**Source material:**
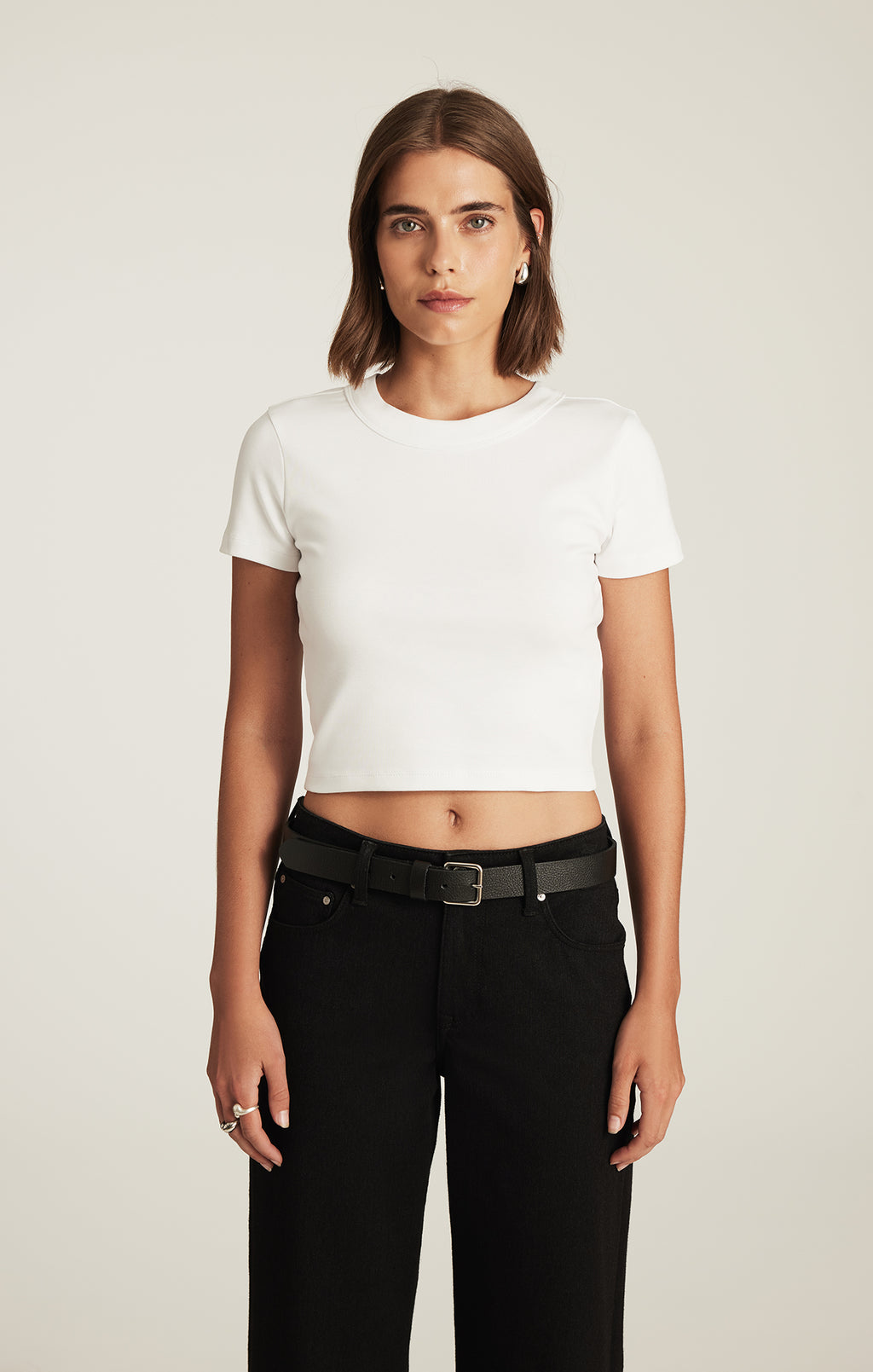CROPPED CREW NECK T-SHIRT IN WHITE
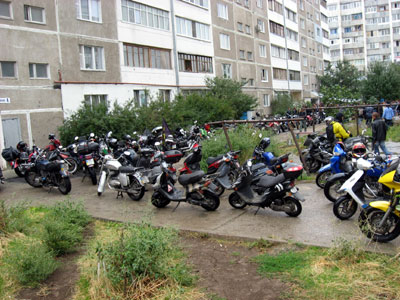 двор многоэтажки был заставлен мотоциклами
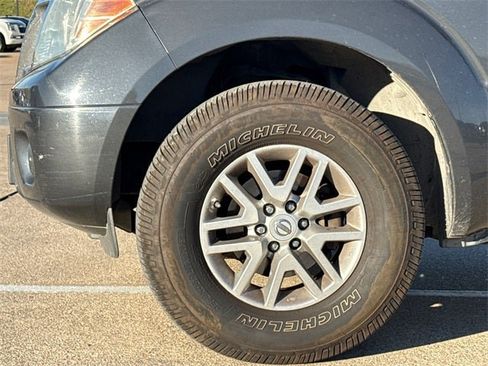 Used 2014 Nissan Frontier SV image 6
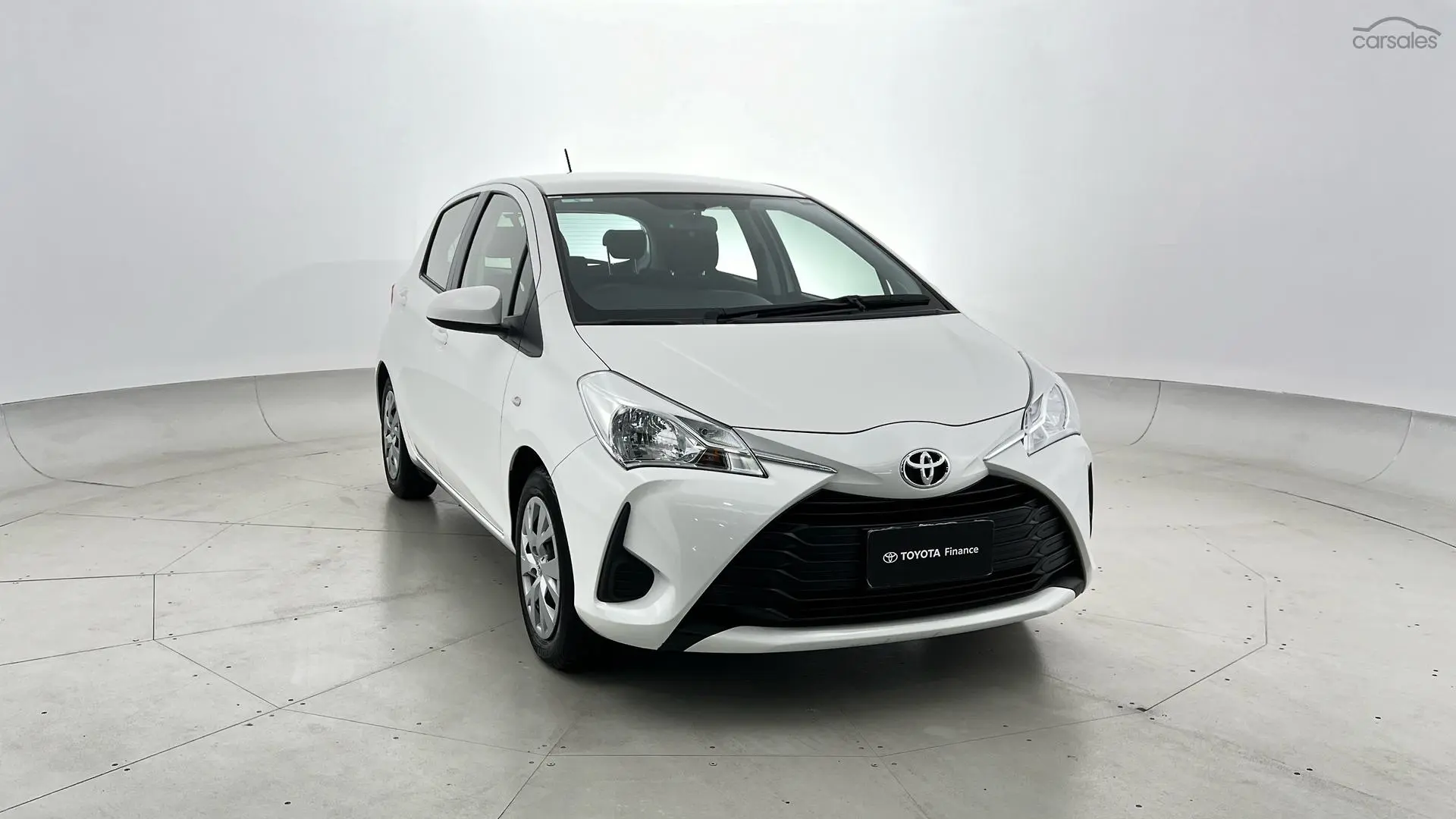 2019 Toyota Yaris Image 3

**Instructions to follow:** Make an exact copy of the listing above. Its pictures are not needed.

**Output for this exercise:**
CROPPED CREW NECK T-SHIRT IN WHITE
 двор многоэтажки был заставлен мотоциклами
 Used 2014 Nissan Frontier SV image 6
 2019 Toyota Yaris Image 3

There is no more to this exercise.